Imagine a world where the imaginations of law professors are set free. The law school exam universe is filled with outlandish hypotheticals, but even the most unrealistic scenario is still designed to allow for legal analysis. So a military defense contractor using a taser on an eggshell extraterrestrial being in Antarctica, while far-fetched, could still be rationally analyzed under the right legal frameworks. For instance, consider the following issues that could be packed into such a hypothetical:
- Constitutional Law: state action doctrine, due process, extraterritorial jurisdiction, standing;
- Criminal Law: assault/battery, self-defense, intent;
- Property Law: trespass, adverse possession;
- Torts: negligence, intentional torts, infliction of emotional distress, respondeat superior, damages;
- Civil Procedure: personal jurisdiction, subject matter jurisdiction, venue, service of process, expert witnesses; and
- Contracts: breach of contract, disclaimers and releases, scope of contractual liability to third parties.
Along with course outlines, law school practice exams are a great tool for any law student. They not only acquaint you with the dark recesses of your professor's mind but also, more importantly, her grading methods. When utilized throughout the duration of a course, practice exams can also serve as helpful learning aids for complicated legal concepts.

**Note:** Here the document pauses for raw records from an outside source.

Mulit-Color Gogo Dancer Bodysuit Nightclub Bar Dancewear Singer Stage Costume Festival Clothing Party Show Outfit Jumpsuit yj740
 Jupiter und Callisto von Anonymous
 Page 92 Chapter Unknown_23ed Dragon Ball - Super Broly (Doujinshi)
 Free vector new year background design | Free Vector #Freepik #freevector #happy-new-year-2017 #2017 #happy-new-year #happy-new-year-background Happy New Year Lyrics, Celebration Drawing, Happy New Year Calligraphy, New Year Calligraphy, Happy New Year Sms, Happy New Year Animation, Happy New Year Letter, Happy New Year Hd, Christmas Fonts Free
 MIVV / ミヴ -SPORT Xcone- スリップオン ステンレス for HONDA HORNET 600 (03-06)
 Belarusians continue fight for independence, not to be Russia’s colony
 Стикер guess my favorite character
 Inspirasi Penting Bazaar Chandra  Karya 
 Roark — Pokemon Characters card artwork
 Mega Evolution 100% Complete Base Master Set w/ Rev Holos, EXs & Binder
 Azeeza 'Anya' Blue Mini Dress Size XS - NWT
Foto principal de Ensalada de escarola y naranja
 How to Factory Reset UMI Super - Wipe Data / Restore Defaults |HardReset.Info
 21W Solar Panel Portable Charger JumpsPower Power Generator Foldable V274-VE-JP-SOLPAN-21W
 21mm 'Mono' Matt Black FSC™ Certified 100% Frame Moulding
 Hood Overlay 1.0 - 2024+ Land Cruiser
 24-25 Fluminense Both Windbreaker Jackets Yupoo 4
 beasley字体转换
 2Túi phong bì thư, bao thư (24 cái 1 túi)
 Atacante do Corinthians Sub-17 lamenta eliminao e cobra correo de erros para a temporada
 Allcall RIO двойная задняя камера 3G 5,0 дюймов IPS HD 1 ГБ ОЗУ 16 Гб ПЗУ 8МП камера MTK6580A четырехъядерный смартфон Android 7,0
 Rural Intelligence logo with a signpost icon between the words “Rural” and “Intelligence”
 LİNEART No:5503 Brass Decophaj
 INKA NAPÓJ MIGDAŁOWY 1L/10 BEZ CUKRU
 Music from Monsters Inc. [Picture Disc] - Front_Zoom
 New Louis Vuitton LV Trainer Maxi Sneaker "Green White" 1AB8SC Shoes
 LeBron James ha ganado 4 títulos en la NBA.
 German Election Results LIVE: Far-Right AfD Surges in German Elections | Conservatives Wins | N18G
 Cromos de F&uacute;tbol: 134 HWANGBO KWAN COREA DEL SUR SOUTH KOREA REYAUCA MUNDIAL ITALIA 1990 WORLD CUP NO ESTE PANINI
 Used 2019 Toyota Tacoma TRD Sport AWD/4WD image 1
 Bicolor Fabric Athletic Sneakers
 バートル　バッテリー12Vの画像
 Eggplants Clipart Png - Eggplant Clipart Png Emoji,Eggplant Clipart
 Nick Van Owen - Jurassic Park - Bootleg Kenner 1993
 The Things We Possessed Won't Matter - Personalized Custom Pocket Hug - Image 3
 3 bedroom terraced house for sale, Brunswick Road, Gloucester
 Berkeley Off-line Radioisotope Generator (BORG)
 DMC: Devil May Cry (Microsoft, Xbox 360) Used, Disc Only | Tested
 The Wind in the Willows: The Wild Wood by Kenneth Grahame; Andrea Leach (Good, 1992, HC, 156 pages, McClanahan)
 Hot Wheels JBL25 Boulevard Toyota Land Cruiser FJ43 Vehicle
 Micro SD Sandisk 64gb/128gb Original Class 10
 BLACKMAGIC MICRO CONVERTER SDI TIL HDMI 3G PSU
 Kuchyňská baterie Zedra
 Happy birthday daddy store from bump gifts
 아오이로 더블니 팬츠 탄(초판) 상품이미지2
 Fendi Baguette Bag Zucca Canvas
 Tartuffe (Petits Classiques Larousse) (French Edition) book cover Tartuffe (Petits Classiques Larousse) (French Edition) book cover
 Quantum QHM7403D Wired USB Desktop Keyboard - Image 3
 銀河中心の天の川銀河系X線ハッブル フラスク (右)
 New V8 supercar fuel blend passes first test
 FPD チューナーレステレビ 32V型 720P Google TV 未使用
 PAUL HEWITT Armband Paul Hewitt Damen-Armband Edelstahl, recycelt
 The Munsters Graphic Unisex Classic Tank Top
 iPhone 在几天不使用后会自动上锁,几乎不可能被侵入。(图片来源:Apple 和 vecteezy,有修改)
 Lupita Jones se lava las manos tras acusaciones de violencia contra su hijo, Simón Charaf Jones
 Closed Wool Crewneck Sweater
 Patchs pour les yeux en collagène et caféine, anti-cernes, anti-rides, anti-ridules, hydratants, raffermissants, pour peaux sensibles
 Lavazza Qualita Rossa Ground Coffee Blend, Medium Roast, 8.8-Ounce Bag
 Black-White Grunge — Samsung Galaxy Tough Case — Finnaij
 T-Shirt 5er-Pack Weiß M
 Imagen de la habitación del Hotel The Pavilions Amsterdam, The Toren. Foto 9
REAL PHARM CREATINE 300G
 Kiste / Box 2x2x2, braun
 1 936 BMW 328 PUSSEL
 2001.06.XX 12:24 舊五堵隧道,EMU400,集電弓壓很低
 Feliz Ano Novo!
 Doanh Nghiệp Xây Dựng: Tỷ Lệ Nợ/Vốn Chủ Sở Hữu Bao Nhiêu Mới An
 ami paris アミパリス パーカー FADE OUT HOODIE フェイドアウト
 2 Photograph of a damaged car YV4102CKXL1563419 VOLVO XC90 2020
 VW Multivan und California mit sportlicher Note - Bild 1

Where Can I Find Law School Practice Exams?
Many law schools maintain a database of past exams for their students' use, sometimes with their library resources and sometimes on a professor's own website. However, these databases often require a student login to access. Some law schools provide practice exams for public use, such as those listed below:
- Catholic University Law School
- Gonzaga Law School
- Harvard Law School
- U.C. Hastings College of the Law
- University of Dayton School of Law
- Wake Forrest School of Law
Ideally, you'll want to use practice exams from your specific professors as these can better prepare you for their finals. However, if none are available, you can always search for practice exams from professors who teach the same class. If all else fails, there are general practice exams and sample answers available online. If you're going to invest in a bar preparation course while still in law school, like BarBri, Kaplan or Themis, many also offer practice exams and other resources while you're still in law school.
Other possible sources for practice exams, which can also give you an early taste of the bar exam, are state bar websites. The State Bar of California, for example, contains an archive of past exam questions.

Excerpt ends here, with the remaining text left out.